_What the exercise asks_.
For the string "large", report how many lines in the records below contain it, and nothing more.

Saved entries
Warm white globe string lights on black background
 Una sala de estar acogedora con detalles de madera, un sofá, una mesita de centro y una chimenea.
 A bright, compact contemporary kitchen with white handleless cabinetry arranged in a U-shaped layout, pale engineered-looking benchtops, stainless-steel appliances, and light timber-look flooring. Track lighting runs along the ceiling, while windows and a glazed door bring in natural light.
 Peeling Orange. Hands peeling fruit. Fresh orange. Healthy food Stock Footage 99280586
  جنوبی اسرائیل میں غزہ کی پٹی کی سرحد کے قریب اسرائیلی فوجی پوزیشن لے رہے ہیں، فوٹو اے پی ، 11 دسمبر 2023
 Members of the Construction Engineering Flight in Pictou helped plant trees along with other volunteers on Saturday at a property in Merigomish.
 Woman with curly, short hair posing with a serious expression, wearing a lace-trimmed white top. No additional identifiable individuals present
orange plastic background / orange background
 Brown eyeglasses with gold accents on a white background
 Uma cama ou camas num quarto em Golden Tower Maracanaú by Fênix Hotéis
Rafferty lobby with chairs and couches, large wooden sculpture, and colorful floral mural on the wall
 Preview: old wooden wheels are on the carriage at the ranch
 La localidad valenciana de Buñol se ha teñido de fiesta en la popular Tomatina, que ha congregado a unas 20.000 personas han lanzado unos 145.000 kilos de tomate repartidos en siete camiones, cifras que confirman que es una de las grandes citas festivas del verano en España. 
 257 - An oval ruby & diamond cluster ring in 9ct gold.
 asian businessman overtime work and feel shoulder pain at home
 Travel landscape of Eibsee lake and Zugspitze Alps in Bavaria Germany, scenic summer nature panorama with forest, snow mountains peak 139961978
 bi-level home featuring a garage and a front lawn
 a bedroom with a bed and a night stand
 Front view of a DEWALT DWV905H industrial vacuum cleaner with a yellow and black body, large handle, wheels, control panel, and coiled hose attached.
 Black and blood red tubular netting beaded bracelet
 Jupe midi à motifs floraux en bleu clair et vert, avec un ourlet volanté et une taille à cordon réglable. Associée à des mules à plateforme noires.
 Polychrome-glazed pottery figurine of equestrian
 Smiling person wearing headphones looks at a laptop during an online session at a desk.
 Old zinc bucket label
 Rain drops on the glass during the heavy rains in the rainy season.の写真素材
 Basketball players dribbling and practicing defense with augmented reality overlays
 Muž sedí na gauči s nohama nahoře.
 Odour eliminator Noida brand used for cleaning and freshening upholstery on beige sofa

_Result of the task_.
2